START DATA TO USE
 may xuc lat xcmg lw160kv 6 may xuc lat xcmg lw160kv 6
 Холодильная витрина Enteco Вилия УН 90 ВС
END DATA TO USE
START DATA TO USE
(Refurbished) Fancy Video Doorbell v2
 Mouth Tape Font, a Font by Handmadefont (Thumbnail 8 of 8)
END DATA TO USE
* PROBLEM STATEMENT: Could you restate word for word the lines above, from the one that contains "(Refurbished) Fancy Video Doorbell v2" through the one that contains "Mouth Tape Font, a", and no others?

* RESULT BELOW:
(Refurbished) Fancy Video Doorbell v2
 Mouth Tape Font, a Font by Handmadefont (Thumbnail 8 of 8)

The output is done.